[[ DATA SHOWN, beginning ]]
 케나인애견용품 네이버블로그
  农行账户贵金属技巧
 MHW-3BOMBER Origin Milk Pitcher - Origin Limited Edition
[[ DATA SHOWN, end ]]
The material above is to be reproduced exactly as written.

 케나인애견용품 네이버블로그
  农行账户贵金属技巧
 MHW-3BOMBER Origin Milk Pitcher - Origin Limited Edition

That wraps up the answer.